PROBLEM TO SOLVE: Retype, exactly and only, each line from the one containing "DMX inalámbrico alimentado" to the end of the records below.
--- MATERIAL SUPPLIED ---
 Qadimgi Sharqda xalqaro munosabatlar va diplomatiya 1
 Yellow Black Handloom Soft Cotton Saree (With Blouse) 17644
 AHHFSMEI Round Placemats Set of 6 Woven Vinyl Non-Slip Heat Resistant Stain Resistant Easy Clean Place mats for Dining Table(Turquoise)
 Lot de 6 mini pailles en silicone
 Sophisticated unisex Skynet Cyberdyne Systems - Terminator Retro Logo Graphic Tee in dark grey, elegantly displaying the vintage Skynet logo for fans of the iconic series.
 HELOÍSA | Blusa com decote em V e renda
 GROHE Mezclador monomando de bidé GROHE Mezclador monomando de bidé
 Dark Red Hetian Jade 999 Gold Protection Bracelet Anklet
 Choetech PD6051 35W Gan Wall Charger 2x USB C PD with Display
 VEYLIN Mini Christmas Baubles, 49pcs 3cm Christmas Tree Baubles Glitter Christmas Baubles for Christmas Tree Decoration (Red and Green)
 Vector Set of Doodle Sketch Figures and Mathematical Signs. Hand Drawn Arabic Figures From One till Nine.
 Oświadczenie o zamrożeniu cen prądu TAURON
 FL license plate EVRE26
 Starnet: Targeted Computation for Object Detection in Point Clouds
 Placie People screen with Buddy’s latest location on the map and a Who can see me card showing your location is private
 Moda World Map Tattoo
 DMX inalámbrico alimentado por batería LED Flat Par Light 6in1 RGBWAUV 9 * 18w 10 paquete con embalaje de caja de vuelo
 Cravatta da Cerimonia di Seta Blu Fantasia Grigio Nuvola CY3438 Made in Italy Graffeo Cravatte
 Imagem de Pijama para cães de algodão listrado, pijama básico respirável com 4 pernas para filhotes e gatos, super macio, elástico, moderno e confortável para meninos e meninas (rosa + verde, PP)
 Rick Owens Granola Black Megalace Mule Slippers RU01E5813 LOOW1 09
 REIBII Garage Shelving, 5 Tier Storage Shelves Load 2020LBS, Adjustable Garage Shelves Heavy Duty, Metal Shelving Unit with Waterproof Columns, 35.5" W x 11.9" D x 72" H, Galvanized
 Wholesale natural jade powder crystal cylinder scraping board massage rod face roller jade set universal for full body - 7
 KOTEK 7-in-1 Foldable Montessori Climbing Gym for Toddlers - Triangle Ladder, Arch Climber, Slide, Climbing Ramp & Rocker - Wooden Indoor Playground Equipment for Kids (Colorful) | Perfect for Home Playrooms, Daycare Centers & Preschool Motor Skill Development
---
WRITTEN ANSWER:
 DMX inalámbrico alimentado por batería LED Flat Par Light 6in1 RGBWAUV 9 * 18w 10 paquete con embalaje de caja de vuelo
 Cravatta da Cerimonia di Seta Blu Fantasia Grigio Nuvola CY3438 Made in Italy Graffeo Cravatte
 Imagem de Pijama para cães de algodão listrado, pijama básico respirável com 4 pernas para filhotes e gatos, super macio, elástico, moderno e confortável para meninos e meninas (rosa + verde, PP)
 Rick Owens Granola Black Megalace Mule Slippers RU01E5813 LOOW1 09
 REIBII Garage Shelving, 5 Tier Storage Shelves Load 2020LBS, Adjustable Garage Shelves Heavy Duty, Metal Shelving Unit with Waterproof Columns, 35.5" W x 11.9" D x 72" H, Galvanized
 Wholesale natural jade powder crystal cylinder scraping board massage rod face roller jade set universal for full body - 7
 KOTEK 7-in-1 Foldable Montessori Climbing Gym for Toddlers - Triangle Ladder, Arch Climber, Slide, Climbing Ramp & Rocker - Wooden Indoor Playground Equipment for Kids (Colorful) | Perfect for Home Playrooms, Daycare Centers & Preschool Motor Skill Development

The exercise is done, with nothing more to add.